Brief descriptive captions
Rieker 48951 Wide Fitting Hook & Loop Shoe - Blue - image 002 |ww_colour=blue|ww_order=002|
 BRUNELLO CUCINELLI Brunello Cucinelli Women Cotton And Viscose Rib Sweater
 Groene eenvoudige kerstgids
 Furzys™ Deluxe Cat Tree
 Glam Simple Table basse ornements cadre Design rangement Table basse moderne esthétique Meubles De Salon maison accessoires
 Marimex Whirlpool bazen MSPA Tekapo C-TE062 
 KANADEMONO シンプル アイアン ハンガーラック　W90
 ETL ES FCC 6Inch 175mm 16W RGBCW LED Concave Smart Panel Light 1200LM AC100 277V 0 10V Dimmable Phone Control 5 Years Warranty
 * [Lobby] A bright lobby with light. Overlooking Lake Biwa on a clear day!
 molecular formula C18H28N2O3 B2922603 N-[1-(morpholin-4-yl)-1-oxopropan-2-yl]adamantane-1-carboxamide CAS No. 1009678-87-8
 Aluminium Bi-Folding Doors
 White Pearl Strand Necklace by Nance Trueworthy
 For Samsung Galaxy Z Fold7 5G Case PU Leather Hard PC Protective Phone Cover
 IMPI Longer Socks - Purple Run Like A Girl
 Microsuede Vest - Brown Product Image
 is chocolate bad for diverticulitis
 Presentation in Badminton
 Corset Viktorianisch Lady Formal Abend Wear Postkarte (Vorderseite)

*ACTIVITY*: An exact copy of every record above is needed. Write it out word for word.

*FINISHED EXERCISE*:
Rieker 48951 Wide Fitting Hook & Loop Shoe - Blue - image 002 |ww_colour=blue|ww_order=002|
 BRUNELLO CUCINELLI Brunello Cucinelli Women Cotton And Viscose Rib Sweater
 Groene eenvoudige kerstgids
 Furzys™ Deluxe Cat Tree
 Glam Simple Table basse ornements cadre Design rangement Table basse moderne esthétique Meubles De Salon maison accessoires
 Marimex Whirlpool bazen MSPA Tekapo C-TE062 
 KANADEMONO シンプル アイアン ハンガーラック　W90
 ETL ES FCC 6Inch 175mm 16W RGBCW LED Concave Smart Panel Light 1200LM AC100 277V 0 10V Dimmable Phone Control 5 Years Warranty
 * [Lobby] A bright lobby with light. Overlooking Lake Biwa on a clear day!
 molecular formula C18H28N2O3 B2922603 N-[1-(morpholin-4-yl)-1-oxopropan-2-yl]adamantane-1-carboxamide CAS No. 1009678-87-8
 Aluminium Bi-Folding Doors
 White Pearl Strand Necklace by Nance Trueworthy
 For Samsung Galaxy Z Fold7 5G Case PU Leather Hard PC Protective Phone Cover
 IMPI Longer Socks - Purple Run Like A Girl
 Microsuede Vest - Brown Product Image
 is chocolate bad for diverticulitis
 Presentation in Badminton
 Corset Viktorianisch Lady Formal Abend Wear Postkarte (Vorderseite)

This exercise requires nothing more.